Esta simple idea no fue comprendida por ninguna de las dos escuadras que en la invernal tarde de ayer midieron sus fuerzas a orillas de la bahía montevideana. Donde el albivioleta no supo doblegar a un tímido e inoperante Central Español.
Un encuentro que comenzó siendo el fiel reflejo de la situación climática, ya que desde el arranque se transformó en opaco y poco inspirador. A punto tal fue la similitud que los actores parecieron ver congeladas sus escasas ideas de creación y buen fútbol.
Por un lado los locales no lograban hilvanar un adecuado juego colectivo, ni siquiera correctas triangulaciones que facilitaran la correcta proyección dentro del campo.

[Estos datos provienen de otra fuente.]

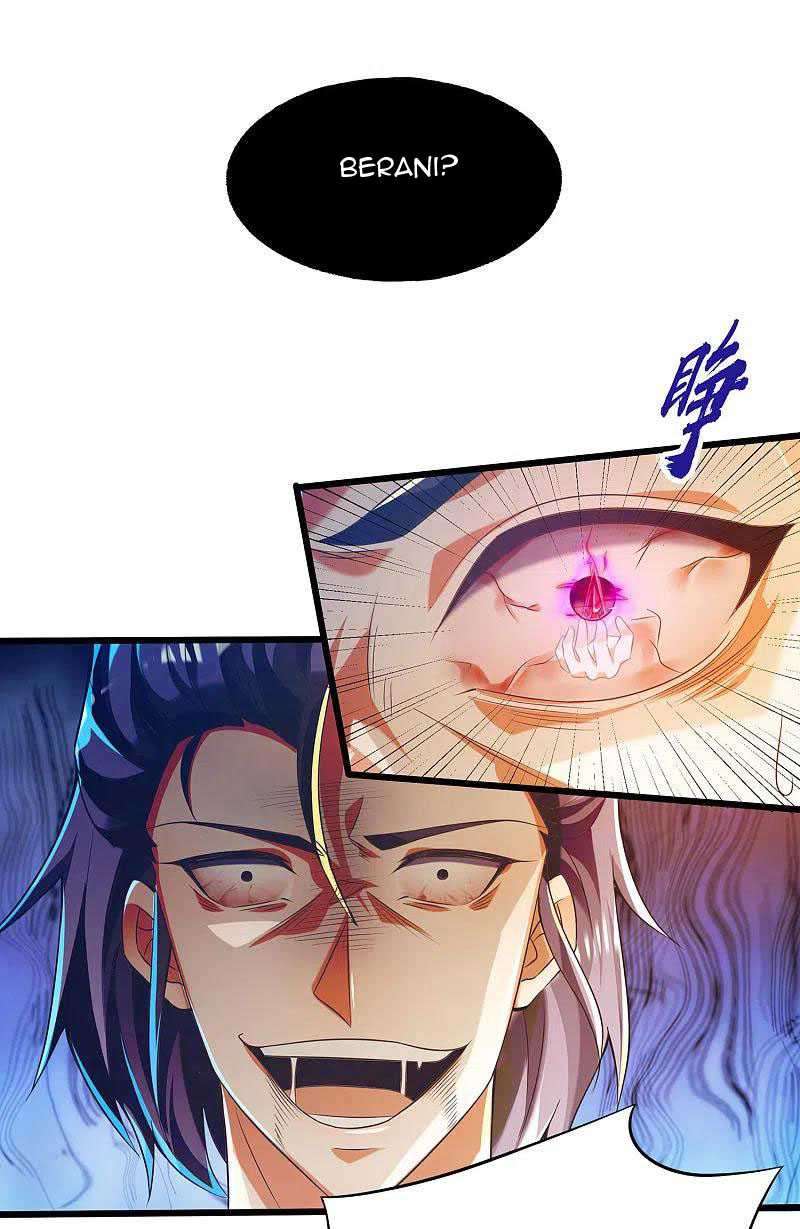 Bisheng Supreme’s Rebirth Chapter 50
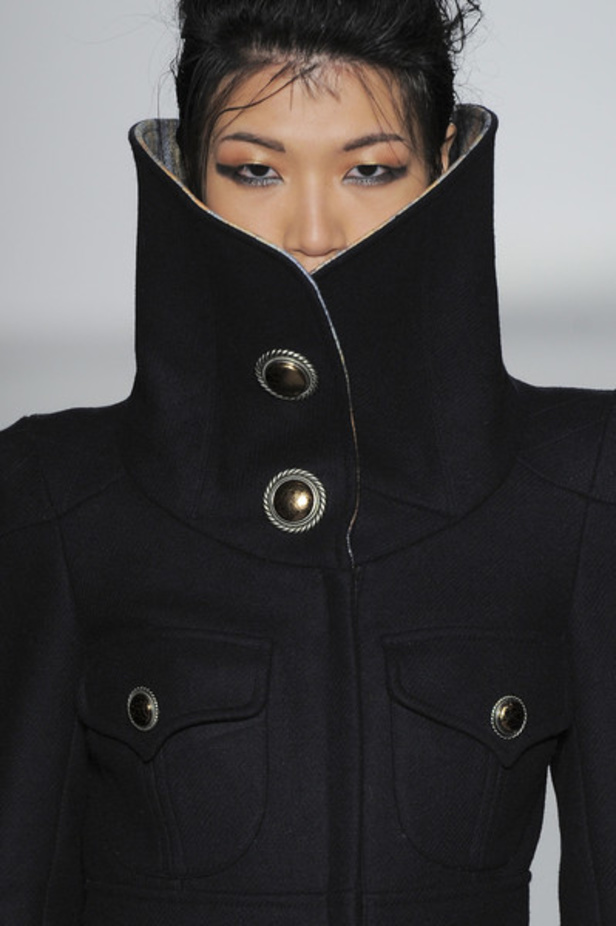 مجموعة بول كوستيلو لخريف وشتاء 2016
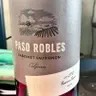 90+ Cellars Paso Robles Cabernet Sauvignon 2023
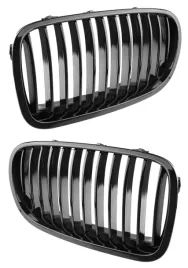 bmw-5-f10-grill-nerki-atrapy-kratki-czarne-polysk-prawa-lewa-komplet-nowe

Unicamente apostaban a las individualidades, como la de Jesús Aguiar, que por momentos se despegaba de su labor defensiva para comandar la iniciativa en el ataque.
En tanto que los diridos por Beethoven Javier agurdaban replegados en su línea de fondo esperando la aparición de un letal contragolpe que plasmara la diferencia en el marcador. Pero este no llegó, por lo cual los hinchas debieron esperar a la segunda mitad expectantes por un inminente cambio táctico que le pusiera color a la gris jornada del Capurro.

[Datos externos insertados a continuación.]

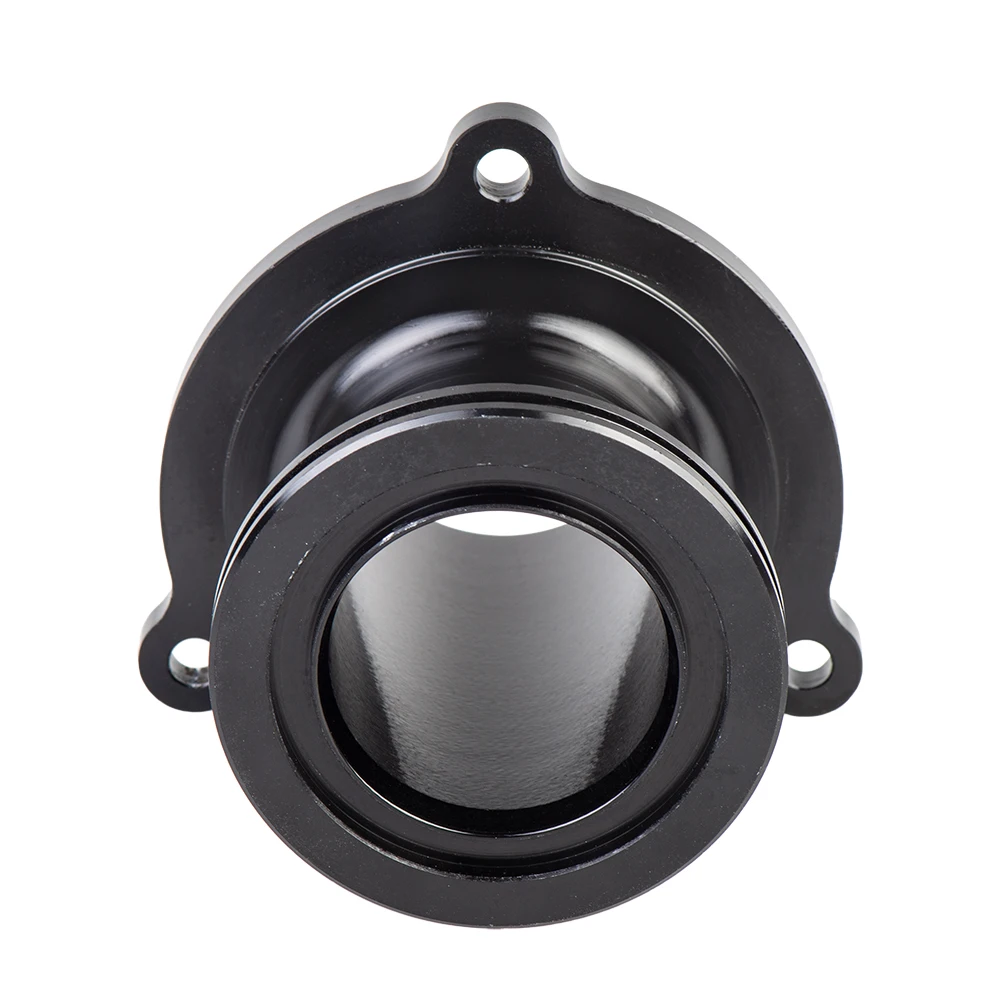 

xmsj-Turbo outlet Turbo Muffler Delete Pipe EA888 Engine for vag 2.0 tfsi engines audi vw golf7 1.8t 2.0t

Solamente una fugaz acción a los 62 minutos de Sebastián López, quien en un mano a mano con el arquero parlemitano perdió la oportunidad de la apertura, logró interrumpir los continuos bostezos de los hinchas. Pero esta pasajera inspiración que rápidamente sucumbió en las picadas aguas del Río de la Plata nuevamente cedió su espacio a la desprolijidad.
Un resultado que no le sirvió a ninguna de las dos instituciones ya que necesitaban imperiosamente un triunfo que los dejase expectantes de un traspié de los bohemios.